##### DATASET CONTENT #####
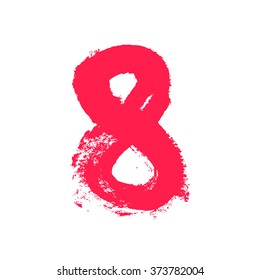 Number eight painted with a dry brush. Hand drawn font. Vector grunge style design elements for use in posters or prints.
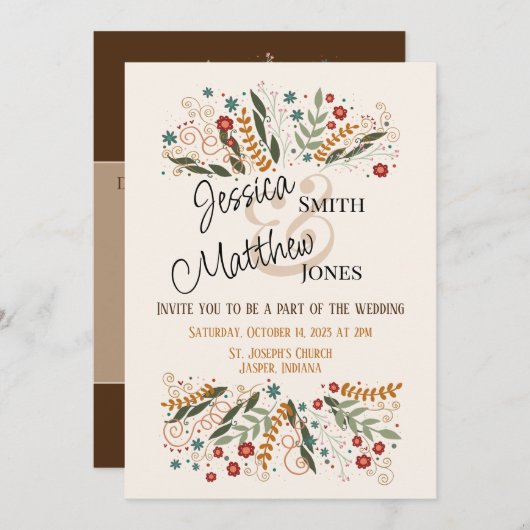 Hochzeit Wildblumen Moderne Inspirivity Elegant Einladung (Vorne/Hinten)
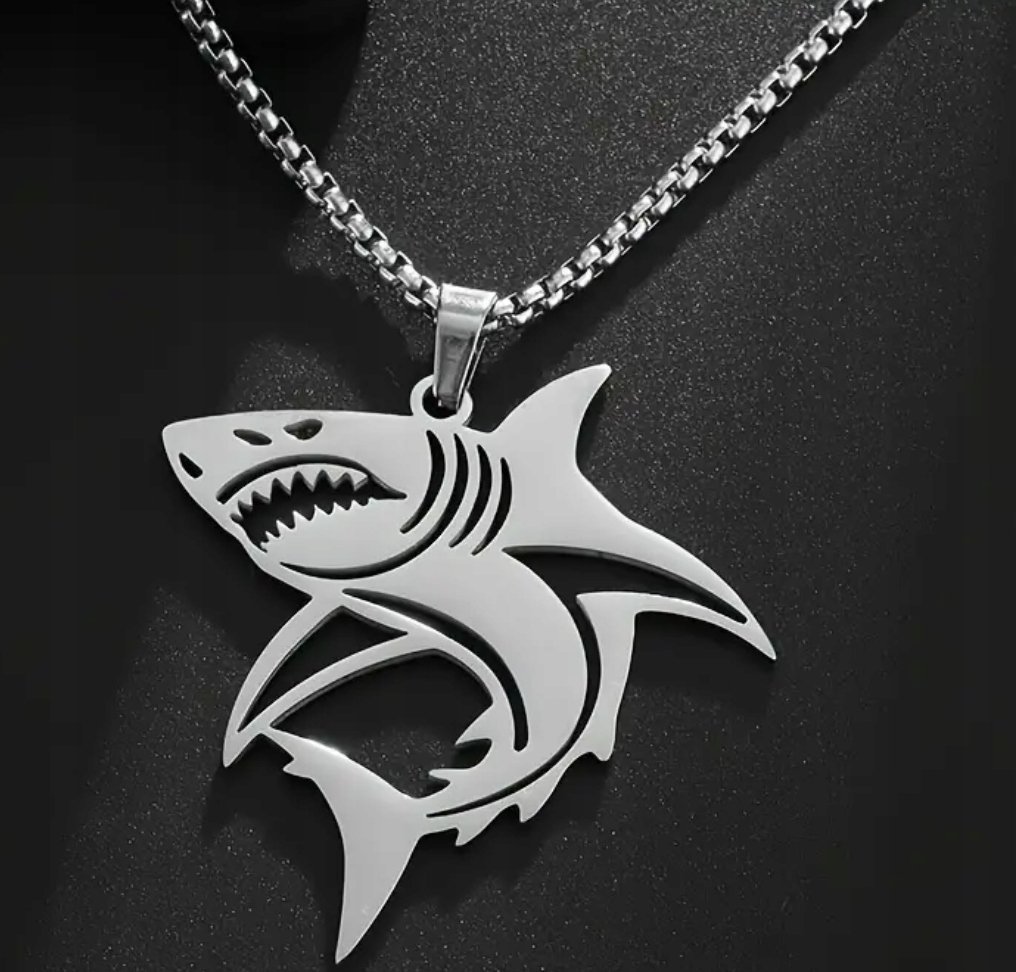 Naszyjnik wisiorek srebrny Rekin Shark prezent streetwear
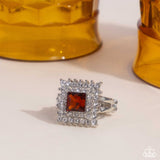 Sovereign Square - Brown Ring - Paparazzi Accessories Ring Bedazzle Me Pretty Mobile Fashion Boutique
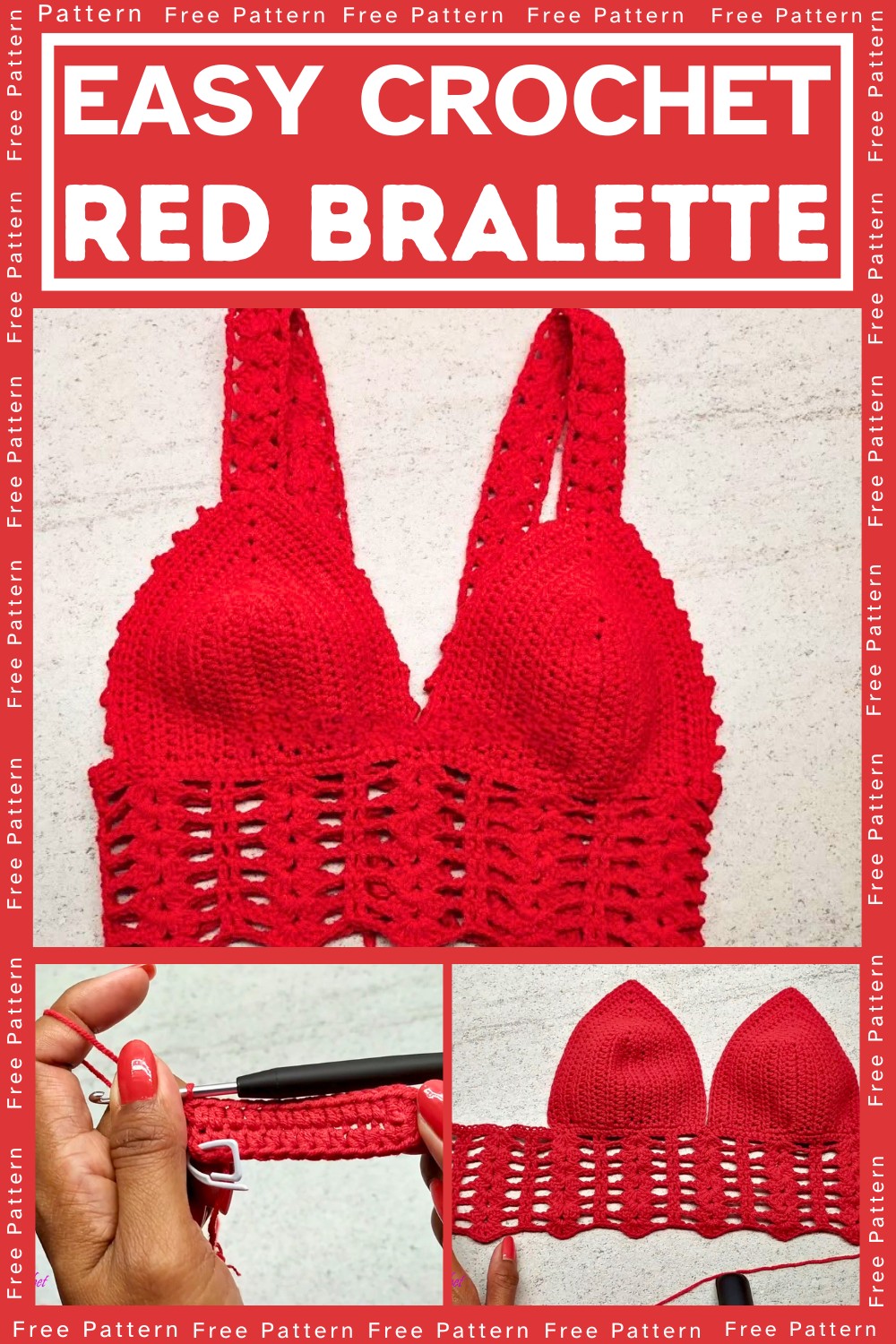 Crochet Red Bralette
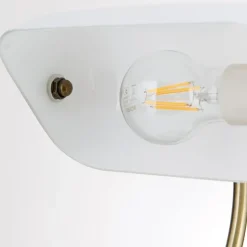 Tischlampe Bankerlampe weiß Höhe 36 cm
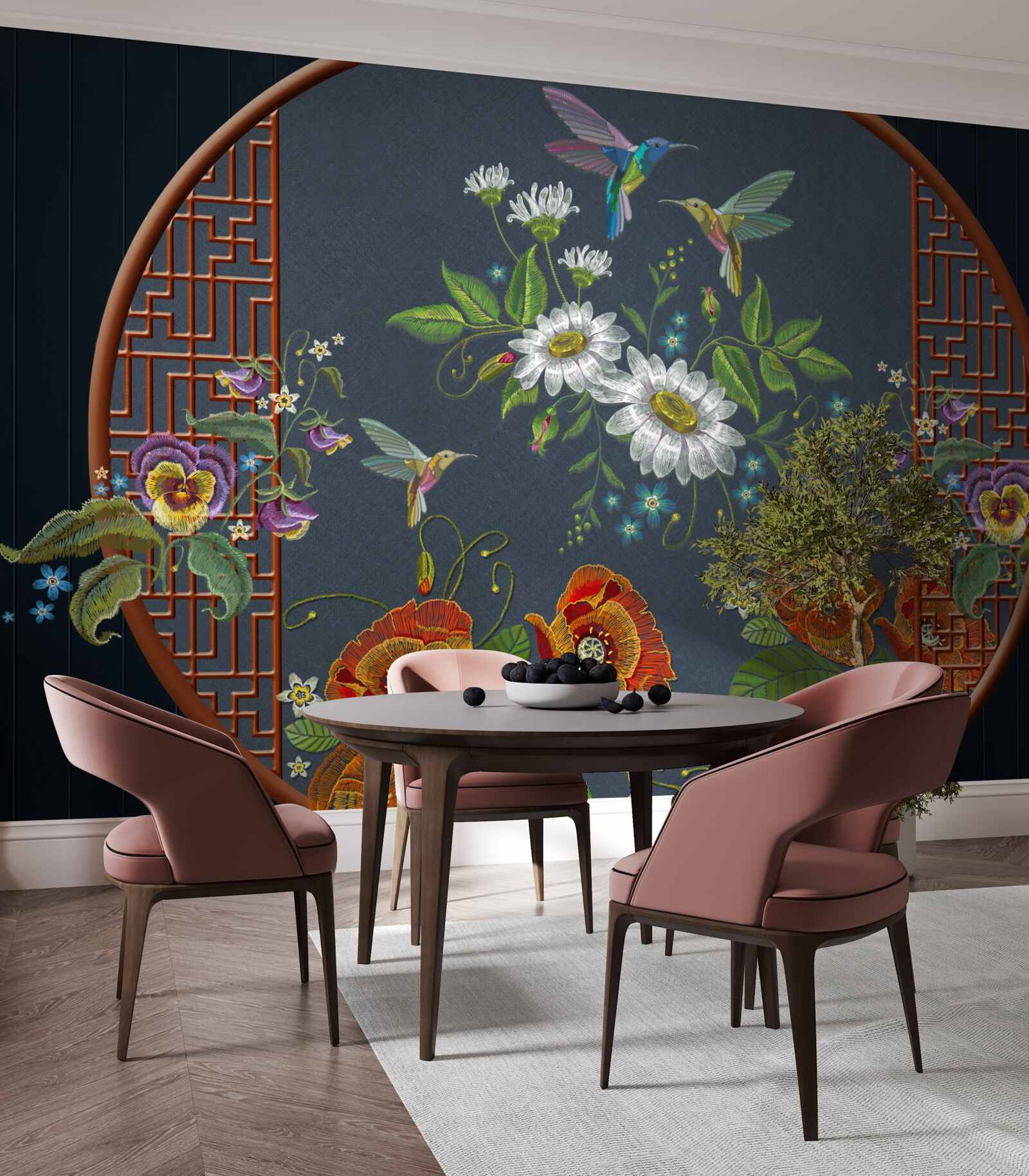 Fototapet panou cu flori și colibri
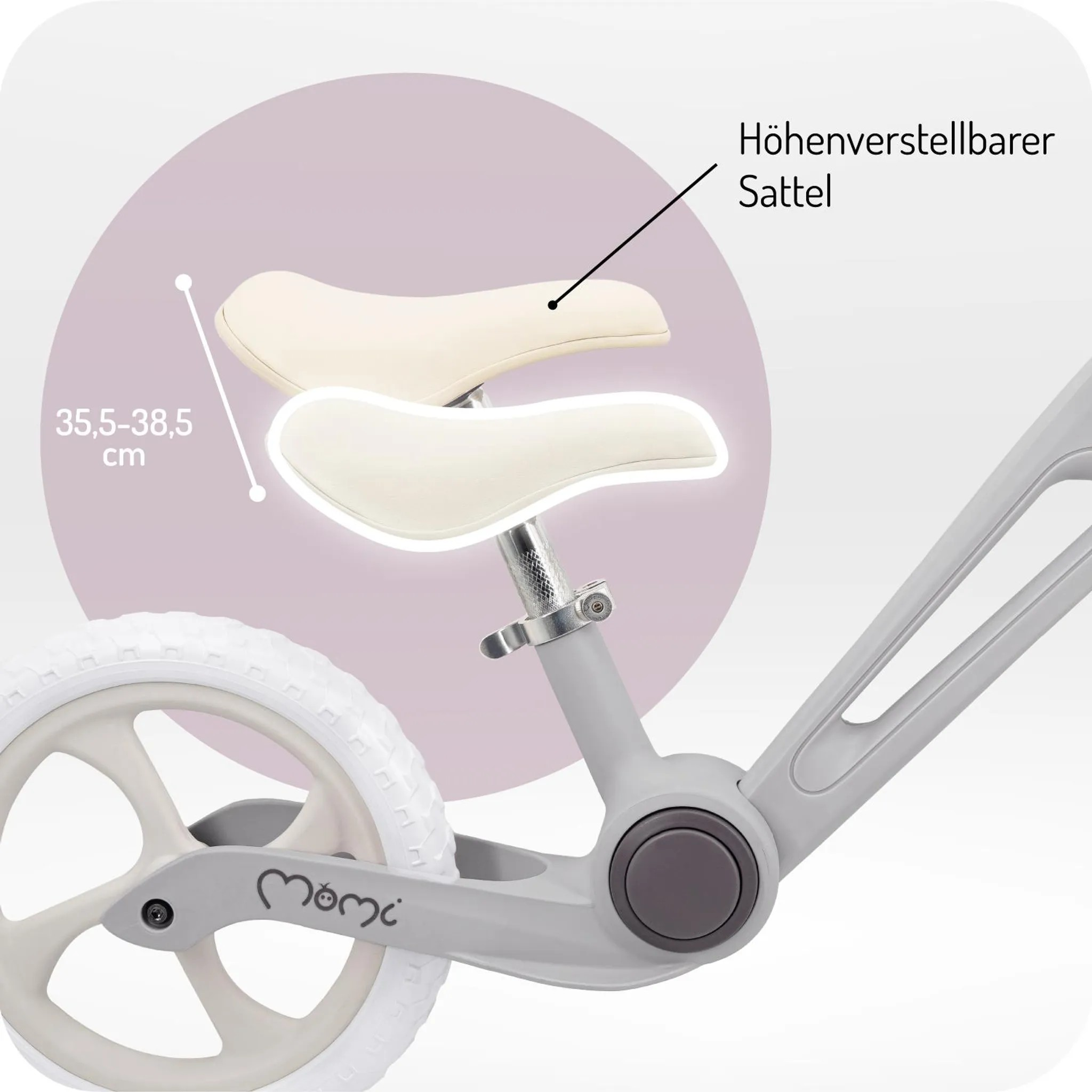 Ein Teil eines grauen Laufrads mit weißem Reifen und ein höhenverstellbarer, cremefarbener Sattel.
#####
* WORK REQUEST: Quote exactly, and nothing besides, the lines from the one with "Crochet Red Bralette" through the end of the records above; include both ends and omit the pictures.

* RESPONSE BOX:
 Crochet Red Bralette
 Tischlampe Bankerlampe weiß Höhe 36 cm
 Fototapet panou cu flori și colibri
 Ein Teil eines grauen Laufrads mit weißem Reifen und ein höhenverstellbarer, cremefarbener Sattel.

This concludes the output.